● **Your task**: With pictures omitted, copy exactly the lines from the one containing "What is up everybody, it's" through the end of the records below.

Saved data entries
BEGIN
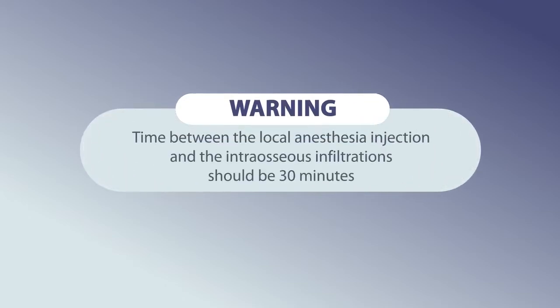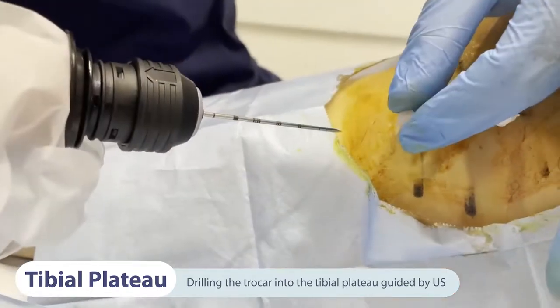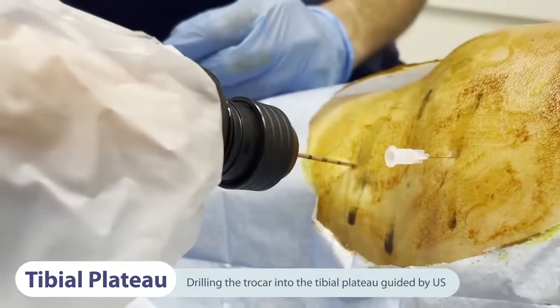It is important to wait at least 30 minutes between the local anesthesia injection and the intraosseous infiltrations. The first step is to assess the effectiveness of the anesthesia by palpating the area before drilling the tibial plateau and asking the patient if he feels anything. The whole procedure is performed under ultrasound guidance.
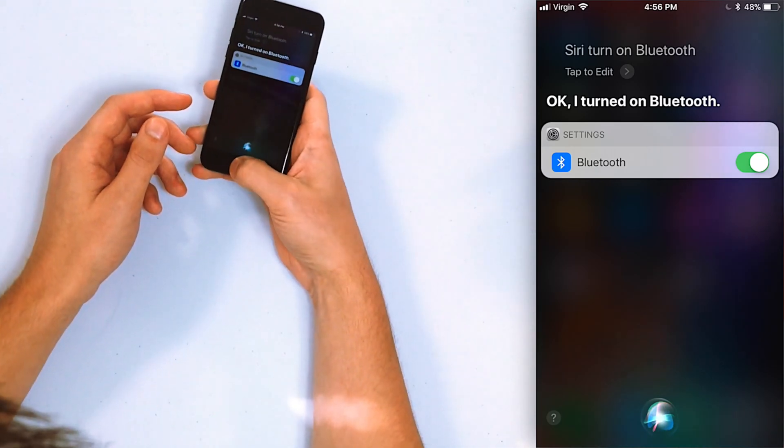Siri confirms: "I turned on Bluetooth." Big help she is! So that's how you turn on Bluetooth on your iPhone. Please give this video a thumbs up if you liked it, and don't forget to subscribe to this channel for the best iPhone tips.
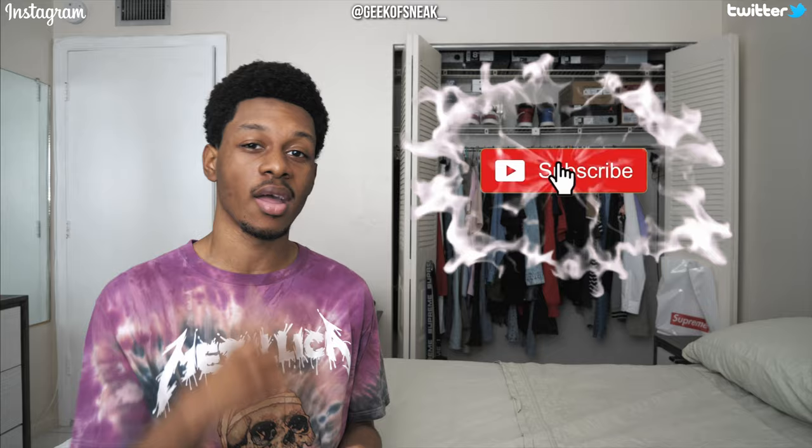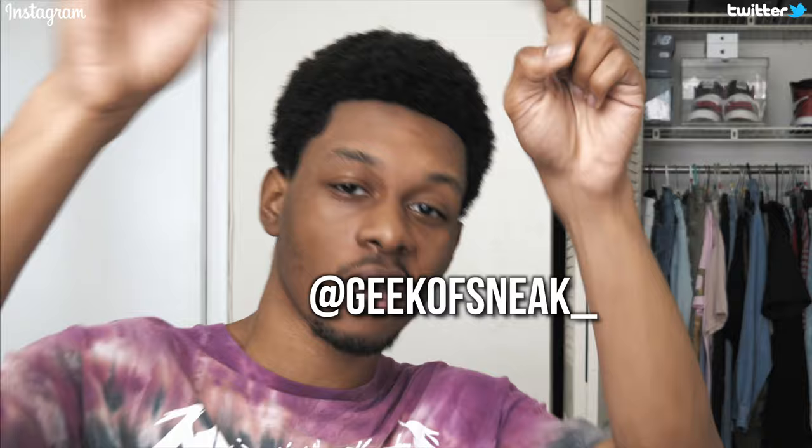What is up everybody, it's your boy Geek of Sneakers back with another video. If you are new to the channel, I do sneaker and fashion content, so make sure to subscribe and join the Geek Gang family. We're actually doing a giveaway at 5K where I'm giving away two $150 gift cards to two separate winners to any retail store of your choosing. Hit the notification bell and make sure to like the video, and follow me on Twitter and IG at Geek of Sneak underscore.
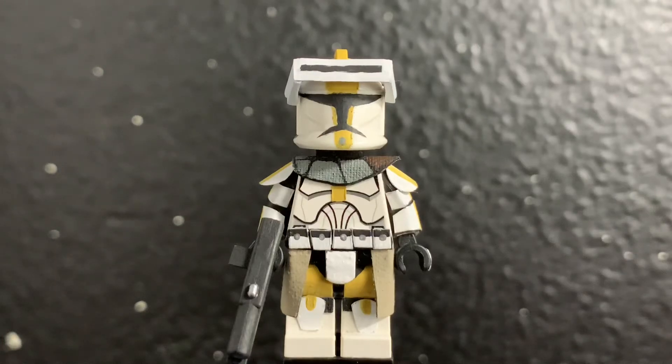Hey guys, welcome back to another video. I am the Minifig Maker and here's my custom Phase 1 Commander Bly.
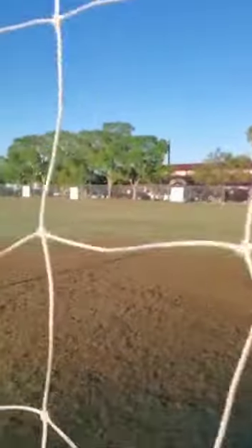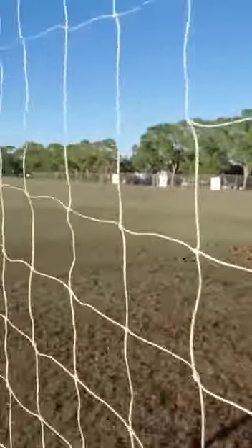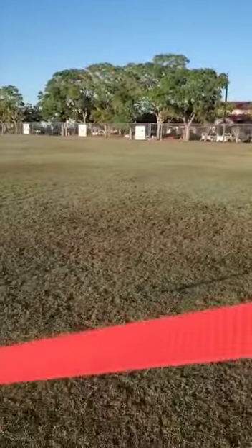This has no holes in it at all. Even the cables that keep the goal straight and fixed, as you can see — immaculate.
END
● **Task solution**:
What is up everybody, it's your boy Geek of Sneakers back with another video. If you are new to the channel, I do sneaker and fashion content, so make sure to subscribe and join the Geek Gang family. We're actually doing a giveaway at 5K where I'm giving away two $150 gift cards to two separate winners to any retail store of your choosing. Hit the notification bell and make sure to like the video, and follow me on Twitter and IG at Geek of Sneak underscore.
Hey guys, welcome back to another video. I am the Minifig Maker and here's my custom Phase 1 Commander Bly.
This has no holes in it at all. Even the cables that keep the goal straight and fixed, as you can see — immaculate.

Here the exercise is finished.